Laid out before me is a small ensemble of his vast ocarina collection, “small egg-shaped wind instruments with a mouthpiece and holes for the fingers”, according to my laptop dictionary. All but two are the careful handiwork of David himself, who dreams of the day he can get enough people interested in this quirky, glorified whistle to form an ocarina “choir”.

David hails from a family of musicians – he was a child cellist, his mother is a volinist, his sister plays with the Brooklyn Philharmonic orchestra and his dad sings. Happy birthdays and Grace at the Hannauer house were always rendered in pitch-perfect six part harmony. Born to zag when everyone else is zigging, David spurned traditional instruments and abandoned his bamboo flute making hobby 15 years ago. He's been making ocarinas in his tarp home in the jungle village of Kao'e, on the Puna region of Hawaii's Big Island, ever since.

“It is the closest instrument to a human voice; a single note that's stretched by opening and closing the various holes,” he explains. Similar to a policeman's whistle and the familiar primary school instrument, the recorder, the ocarina uses a small, precision-carved hole called a fipple that slices the column of air symetrically.
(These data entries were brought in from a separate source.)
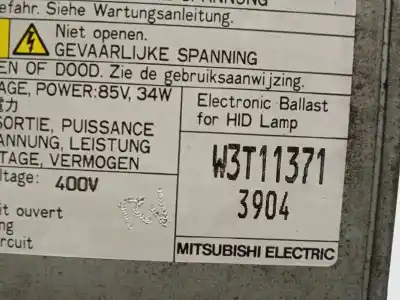 Pezzo di ricambio per auto di seconda mano centralina fari xenon per mazda 3 berlina (bk) 2.0 sportive riferimenti oem iam w3t11371 d391510h3 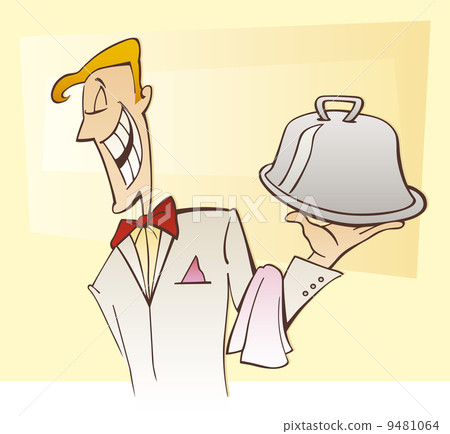 Waiter serving dish Waiter serving dish 9481064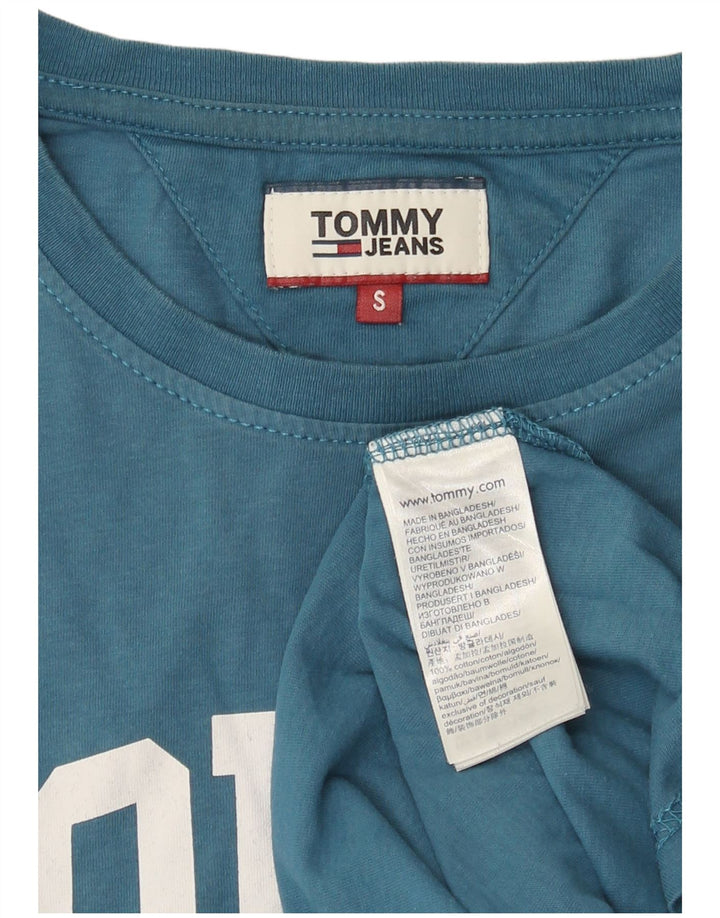 Мужская футболка с рисунком Tommy Hilfiger, маленький синий хлопок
Flutes and other wind instruments, in contrast, involve a vibrating piece called a reed, and resemble playing a shorter and shorter tube; each tube having a note value of its own. The ocarina is akin to blowing across the neck of a bottle, sans fipple.
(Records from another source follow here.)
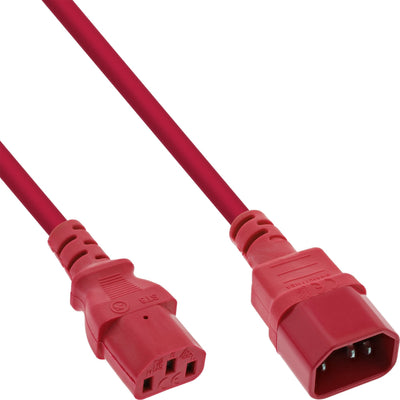 Inline 55PCS. Bulk-pack ® Power Cable Extension, C13 a C14, Network 1M — image 1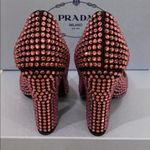 Prada New In Box Pink Crystal Round Toe Pumps Sz 7 Photo 7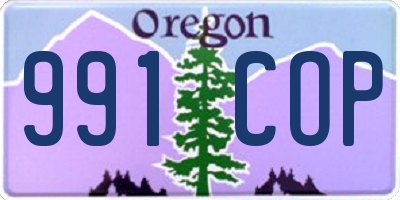 OR license plate 991COP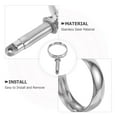 thumbnail image 3 of CIMAXIC Boat Deck Hatch Handle Paddle Fixing Ring Holder Silver for Kayak 1Pack, 3 of 8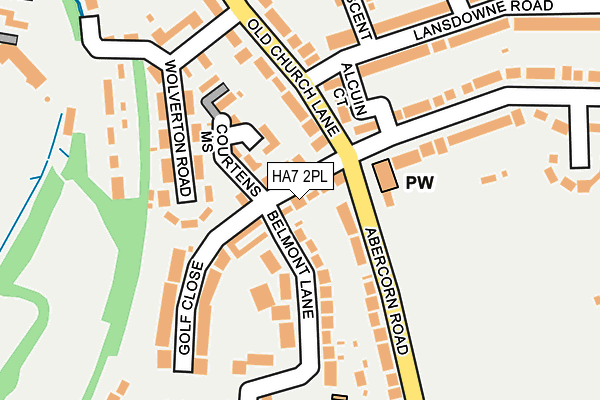 HA7 2PL map - OS OpenMap – Local (Ordnance Survey)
“An Ocarina has no moving parts”, says David, “the beauty is its simplicity. It's easier to play than conventional wind instruments, and its size make it the perfect travel instrument.” He points to the shell-like version that around his neck; most would fit into a child's palm.


A selection of David's handmade ocarinas.
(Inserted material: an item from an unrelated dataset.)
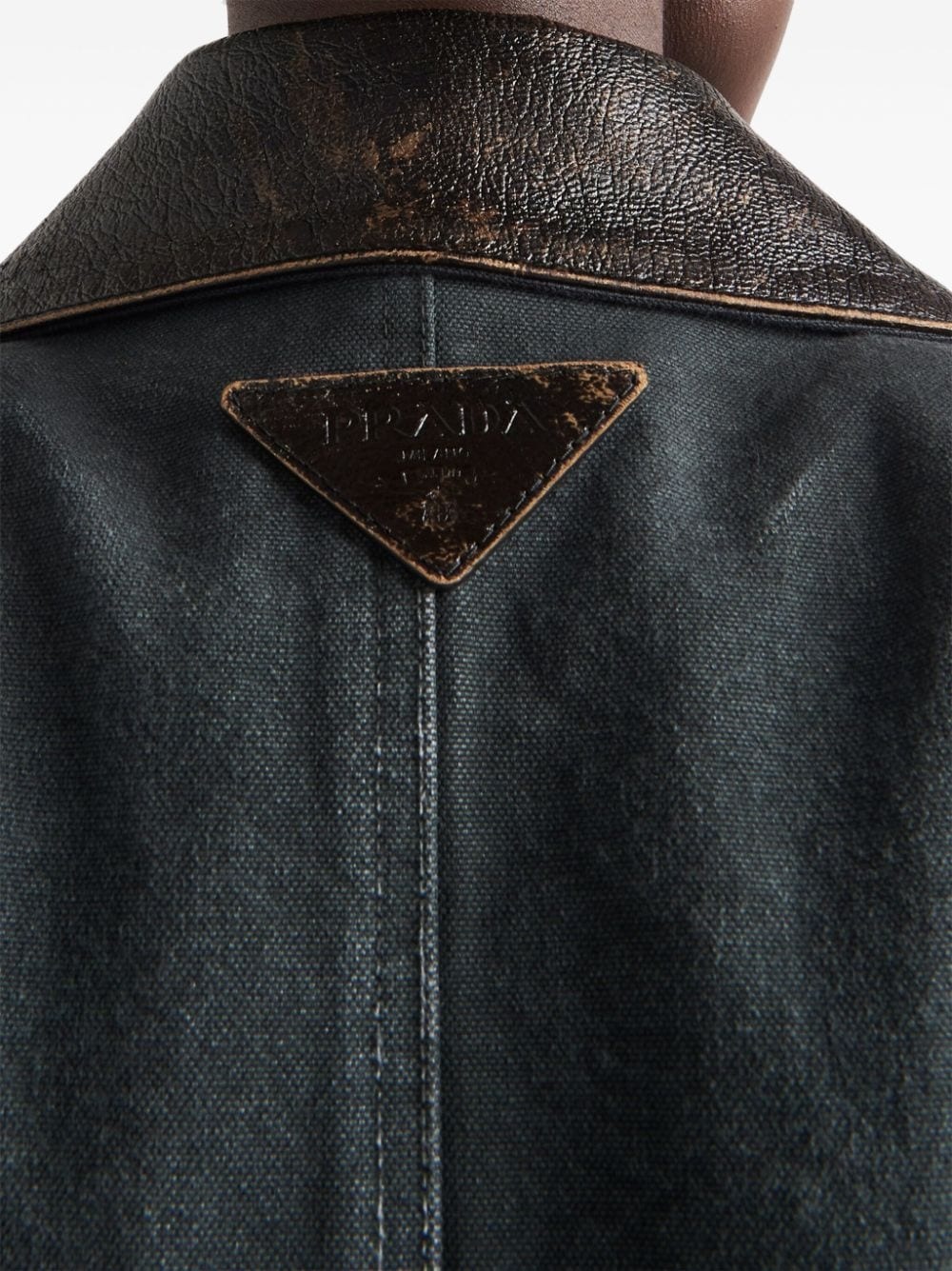 ripped canvas jacket - 5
The word 'ocarina' (from the Italian 'oca' meaning 'goose') was coined by Budrio composer Guiseppe Donati in 1850 and was the first attempt to make an ocarina that imitated the Western scale, using a 'linear fingering' like a flute. David showed me a torpedo-shaped ocarina from that era. The instrument actually harks back to pre-Columbian times, where the Meso-Americans used a cross-fingered technique. In the late 1960's an Englishman, John Taylor, revived this cross-fingering to accommodate the Western scale. Early ocarinas had a range of just an octave; Taylor's ocarina extended it to 9 notes, the standard ocarina. 'Sweet potato choirs', as the instrument was also known, sprang up in the 30's and 40's in Europe.

Ocarina authority Darren Steinberg noted on his seminal site www.songbirdocarina.com, stating that “[Hannauer] brought the modern English cross-fingering to a whole new level.” (David actually taught Steinberg how to play and manufacture ocarinas). By taking Taylor's cross-fingering and matching it to the range of Donati's 150-year old design, David came up with an instrument with 11 notes, which can play 'almost anything written for a voice'.

“An extra note doubles or triples your playlist!” enthuses David, showing me his extended playlist.

Voice? Just listen to his effortlest jazzy improvizations of classics like 'Girl from Ipanema', 'My Favorite Things' (the John Coltrane jazz rendition), A Little Night Music by Mozart (two movements) and your preconceptions of the ocarina as a kid's whistle soon evaporate.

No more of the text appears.